START EXERCISE DATA

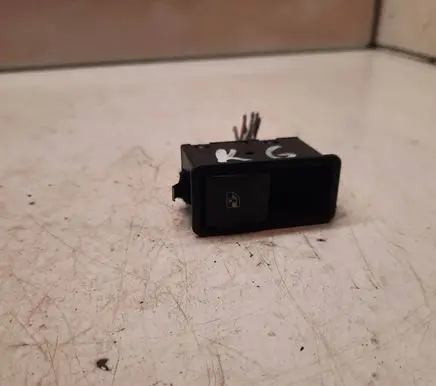 Opel Zafira B Electric window control switch 13197131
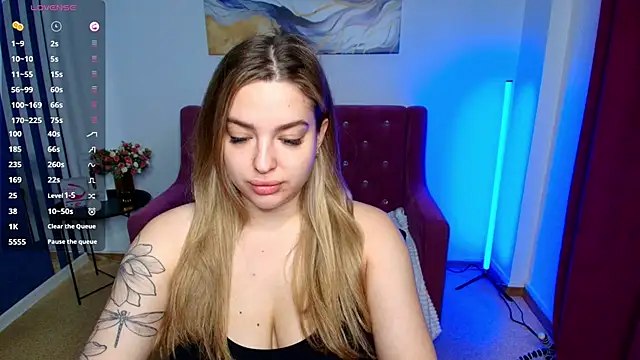 Snapshot of Emma__Ross chatting on 05/10/26, 02:06 Emma Ross online show from 05/10/26, 02:06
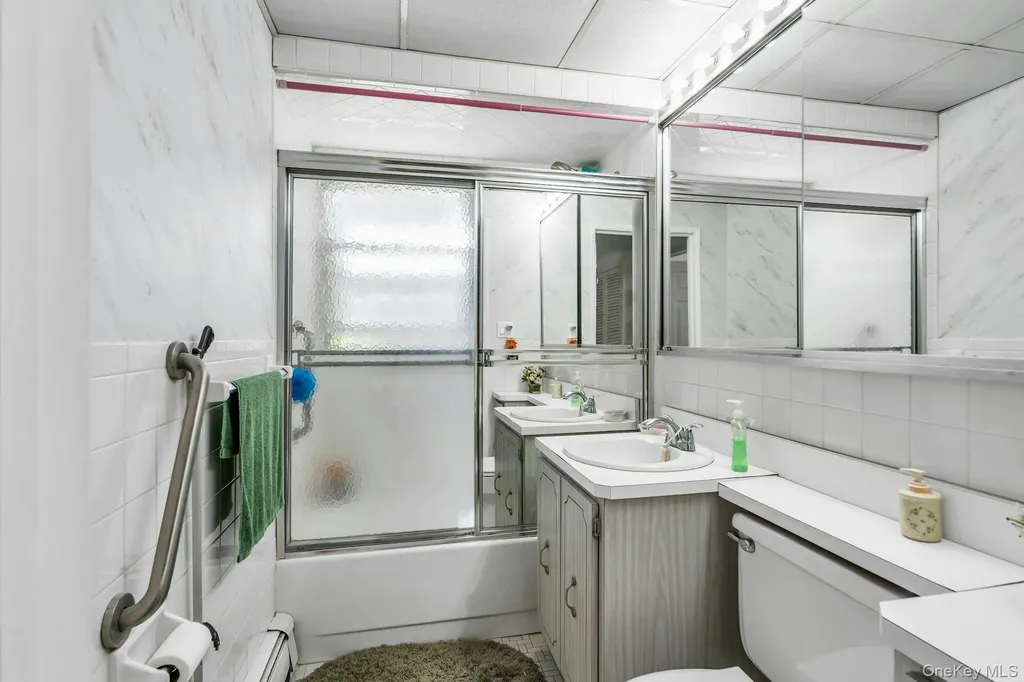 2 Chase Lane Levittown NY 11756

END EXERCISE DATA

## TASK ITEM
Without changing a word, transcribe all of the data and omit its images.

## PROBLEM SOLUTION
 Opel Zafira B Electric window control switch 13197131
 Snapshot of Emma__Ross chatting on 05/10/26, 02:06 Emma Ross online show from 05/10/26, 02:06
 2 Chase Lane Levittown NY 11756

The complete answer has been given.